Computer Network Information Center, Chinese Academy of Sciences, CAS Informatization Plaza No. 2 Dong Sheng Nan Lu, Haidian District, Beijing, 100083, China.
University of Chinese Academy of Sciences, No. 19A Yuquan Road, Shijingshan District, Beijing, 100049, China.
Brief Bioinform. 2024 Jul 25;25(5). doi: 10.1093/bib/bbae361.

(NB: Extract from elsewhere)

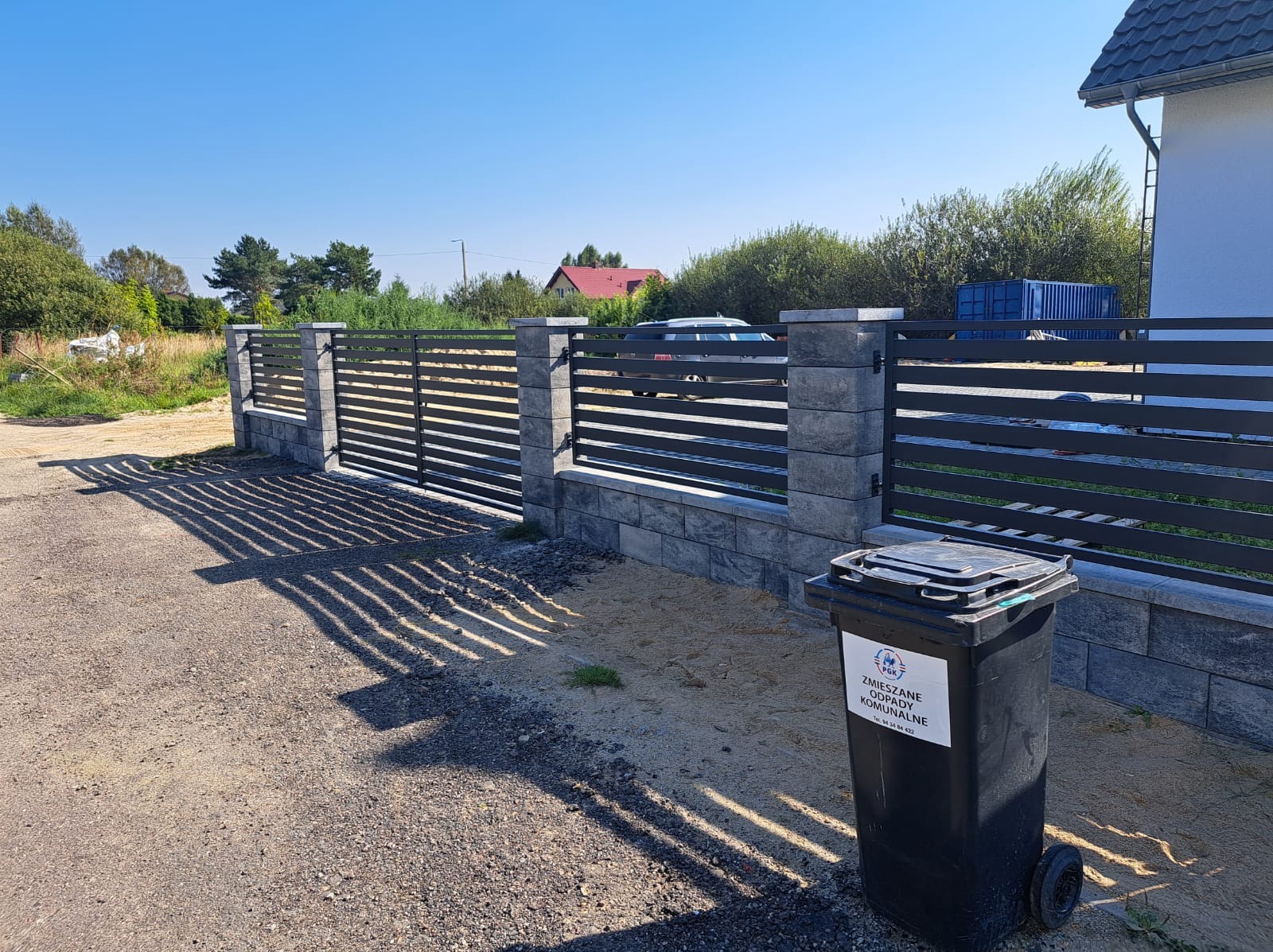 Nowoczesne ogrodzenie posesji z poziomych paneli stalowych i słupków z szarej kostki, widoczne z zewnątrz, z czarnym pojemnikiem na odpady komunalne w pierwszym planie.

Constructing accurate gene regulatory network s (GRNs), which reflect the dynamic governing process between genes, is critical to understanding the diverse cellular process and unveiling the complexities in biological systems. With the development of computer sciences, computational-based approaches have been applied to the GRNs inference task. However, current methodologies face challenges in effectively utilizing existing topological information and prior knowledge of gene regulatory relationships, hindering the comprehensive understanding and accurate reconstruction of GRNs. In response, we propose a novel graph neural network (GNN)-based Multi-Task Learning framework for GRN reconstruction, namely MTLGRN. Specifically, we first encode the gene promoter sequences and the gene biological features and concatenate the corresponding feature representations. Then, we construct a multi-task learning framework including GRN reconstruction, Gene knockout predict, and Gene expression matrix reconstruction. With joint training, MTLGRN can optimize the gene latent representations by integrating gene knockout information, promoter characteristics, and other biological attributes. Extensive experimental results demonstrate superior performance compared with state-of-the-art baselines on the GRN reconstruction task, efficiently leveraging biological knowledge and comprehensively understanding the gene regulatory relationships. MTLGRN also pioneered attempts to simulate gene knockouts on bulk data by incorporating gene knockout information.
构建准确的基因调控网络(GRNs),反映基因之间的动态调控过程,对于理解多样化的细胞过程和揭示生物系统的复杂性至关重要。随着计算机科学的发展,基于计算的方法已被应用于 GRNs 推断任务。然而,当前的方法在有效地利用现有拓扑信息和基因调控关系的先验知识方面面临挑战,阻碍了对 GRNs 的全面理解和准确重建。有鉴于此,我们提出了一种基于图神经网络(GNN)的用于 GRN 重建的多任务学习框架,即 MTLGRN。具体来说,我们首先对基因启动子序列和基因生物学特征进行编码,并将相应的特征表示进行串联。然后,我们构建了一个多任务学习框架,包括 GRN 重建、基因敲除预测和基因表达矩阵重建。通过联合训练,MTLGRN 可以通过整合基因敲除信息、启动子特征和其他生物学属性来优化基因潜在表示。在 GRN 重建任务上的大量实验结果表明,与最先进的基线相比,该方法具有优越的性能,能够有效地利用生物学知识并全面理解基因调控关系。MTLGRN 还开创性地尝试通过纳入基因敲除信息在批量数据上模拟基因敲除。